By law, exits must be provided, but they are often blocked
Whenever the pressure of our complex city life
thins my blood and numbs my brain,
I seek relief in the trail;
and when I hear the coyote wailing to the yellow dawn,
my cares fall from me - I am happy
Yet in Florida there is a brutal practice of penning foxes and coyotes in enclosures from which they cannot escape, and then setting dogs upon them to maul and kill them in front of rapt spectators. The Florida Fish and Wildlife Conservation Commission decided last month to temporarily suspend the practice while they draft rules guiding the enclosures. Some who appeared at the meeting called these "hunts" a "way of life" and a "heritage", but it surely not the coyote's heritage.

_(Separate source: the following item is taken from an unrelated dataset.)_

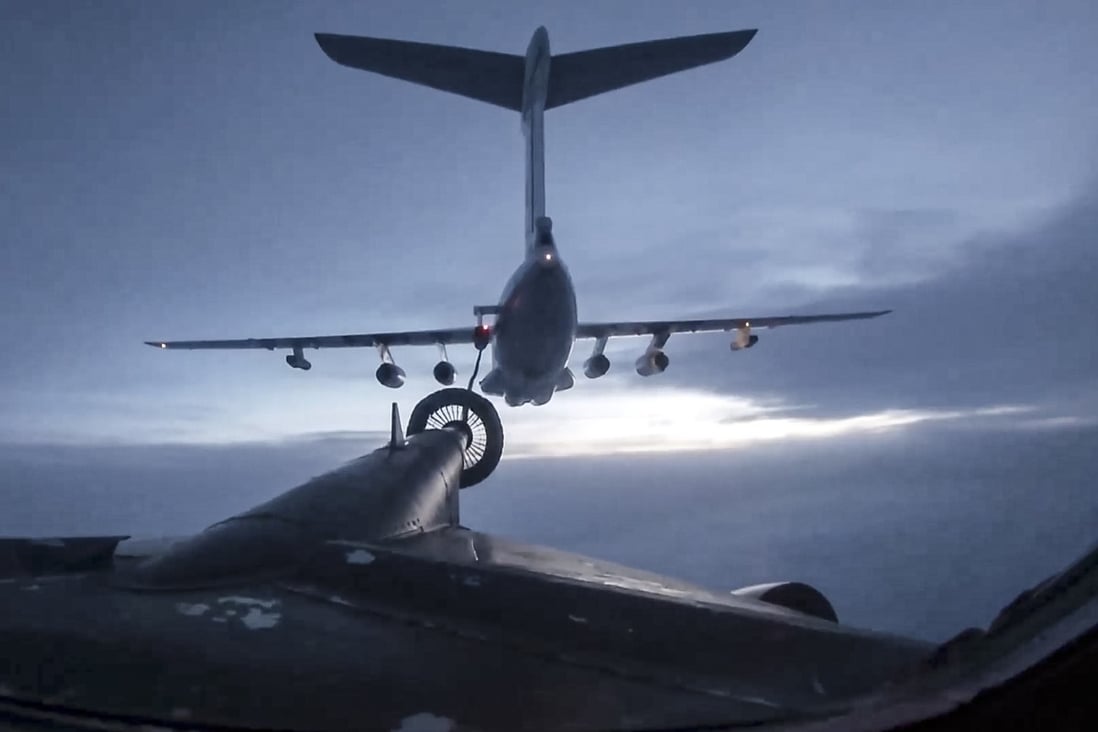 In this photo taken from video released by the Russian Defence Ministry Press Service, a Russian Il-76 air tanker, top, is refuelling a Russian Tu-95MS strategic bomber of the Russian Aerospace Forces, during an aerial patrol over the waters of the Sea of Japan and the East China Sea on November 19. Photo: Russian Defence Ministry Press Service via AP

From an editorial in the Tallahassee Democrat by the state director of the Humane Society of the United States:
"Florida residents continue to be shocked by the brutality of fox pens in their communities. Last year, neighbors to a pen witnessed dozens of coyotes crowded against a fence. The neighbors looked at the pen in confusion, until they saw dogs with numbers painted on their sides ripping into a cornered coyote. The neighbors spent the next year taking photographs of wounded coyotes and listening to animals dying inside the pen.
"As far back as 1990, a neighbor to one pen contacted The Humane Society of the United States and said, 'They turn the fox or coyote loose and then four of five dogs chase the animal until it drops from exhaustion … They either kill it or maim it up so bad it dies an agonizing death.' Another Florida resident wrote us stating that he was a hunter, and make no mistake, what went on next door to him in a 600-acre pen was a bloody spectacle as bad as any dogfight (Fox pens still spell animal cruelty that must end)."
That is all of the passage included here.